Tuesday, August 16, 2016

Five core attributes of a streaming data platform

Currently, I am planning a system to handle streaming data. Today, in any data driven organization, there are several new streaming data sources such as mobile apps, IoT devices, Sensors, IP cameras, websites, Point-of-sale devices etc

Before designing a system, first we need to understand the attributes that are necessary to implement an integrated streaming data platform.

As a data-driven organization, the first core consideration is to understand what it takes to acquire all the streaming data: The Variety of data, Velocity of data and Volume of data. Once these three parameters are known, it is time to plan and design of an integrated streaming platform and allow for both the acquisition of streaming data and the analytics that make streaming applications.

For the system design, there are five core attributes that needs to be considered:

1. System Latency
2. System Salability
3. System Diversity
4. Durability
5. Centralized Data Management

System Latency

Streaming data platforms need to match the pace of the incoming data from various sources that is part of the stream. One of the keys to streaming data platforms is the ability to match the speed of data acquisition, data ingestion into the data lake.

This implies designing the data pipelines that required to transfer data into data lake, running the necessary processes to parse & prepare data for analytics on Hadoop clusters. Data quality is a key parameter here. It takes definite amount of time and compute resources for data to be sanitized - to avoid "garbage in, garbage out" situations.

Data Security and authenticity has to be established first before data gets ingested into data lake. As data is collected from a disparate sources, basic level of data authentication and validation must be carried out so the core data lake is not corrupted. For example in case of Real time Traffic analysis for Bangalore, one needs to check if the data is indeed coming from sensors in Bangalore, else all analysis will not be accurate.

Data security is one of the most critical components to consider when designing a data lake. The subject of security can be a lengthy one and has to be customized for each use case. There are many open source tools available that address data governance and data security; Apache Atlas (Data Governance Initiative by Hortonworks), Apache Falcon (automates data pipelines and data replication for recovery and other emergencies), Apache Knox Gateway (provides edge protection) and Apache Ranger (authentication and authorization platform for Hadoop) provided in Hortonworks Data Platform, and Cloudera Navigator (Cloudera enterprise edition) provided in the Cloudera Data Hub.

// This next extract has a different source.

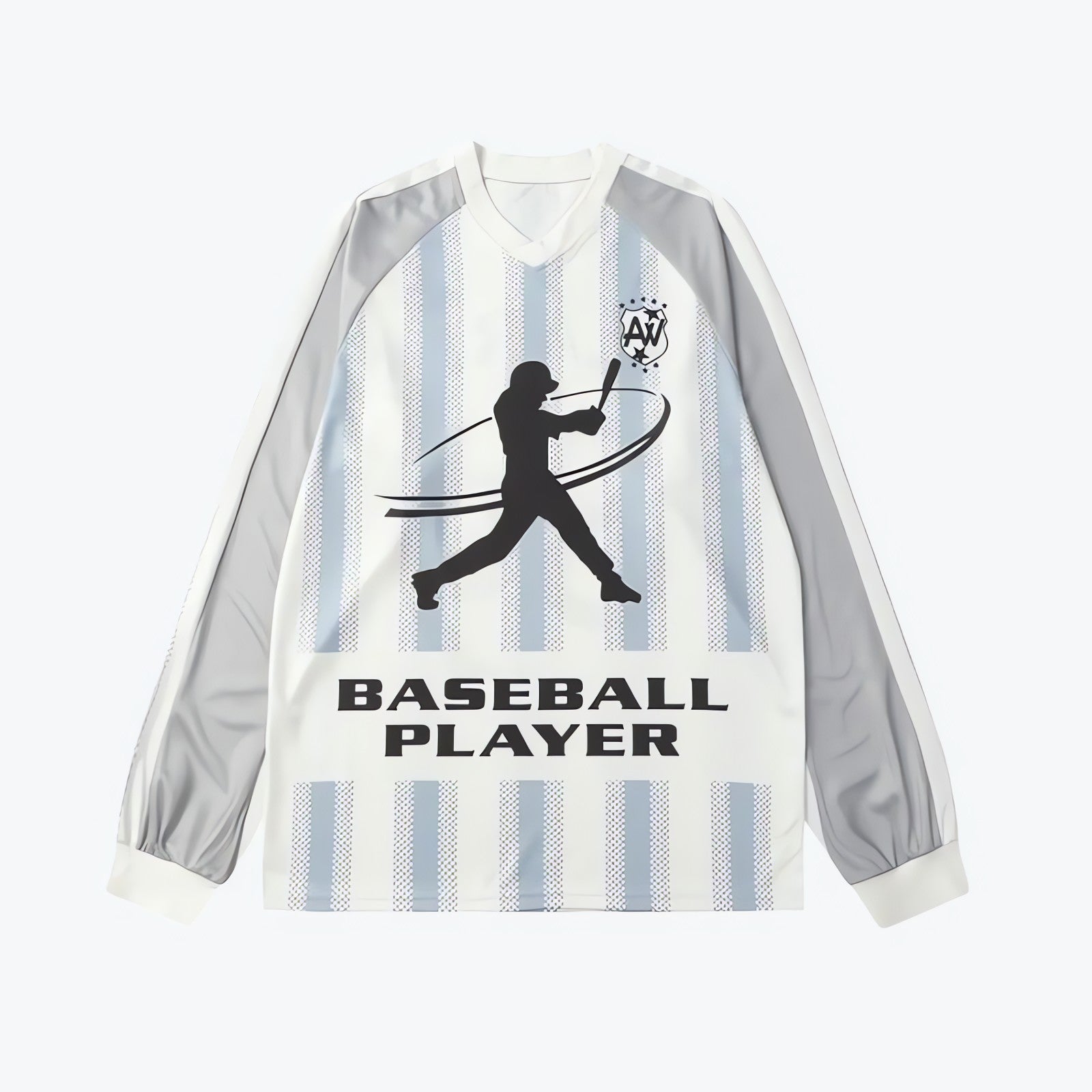 Baseball Jersey - KAYSMAR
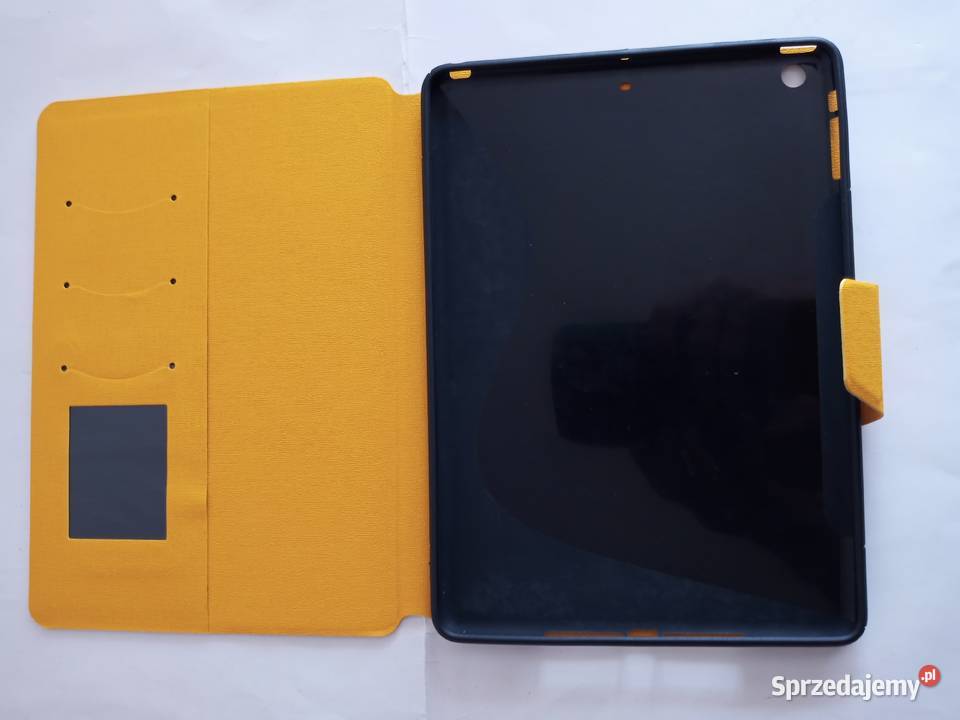 ETUI DO TABLETÓW IPAD5 zachodniopomorskie sprzedam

Depending on Data producers, data ingestion can be "pushed" or "pulled". The choice of pull or push defines the choice of tools and strategies for data ingestion.  If there is a need for real-time analytics, then the system requirements needs to be taken into consideration. In case of real-time analytics, the streaming data has to be fed into the compute farm without delays. This implies planning out the network capacities, compute memory sizing and compute capacity planning.

In case of on-demand or near real time analytics, then there will be additional latency for the data to be landed into the data warehouse or get ingested into data lake. Then the systems needed to feed the ingested data to BI system or a Hadoop cluster for analysis. If there are location based dependencies, then one needs to build a distributed Hadoop clusters.

System Salability

The size of data streaming from device is not a constant. As more data collection devices are added or when the data collection devices are upgraded the size of incoming data stream increases. For example, incase of IP Cameras, the data stream size will increase when the number of cameras increase or when the cameras are upgraded to collect higher resolution images or when more data is collated - in form of infrared images, voice etc.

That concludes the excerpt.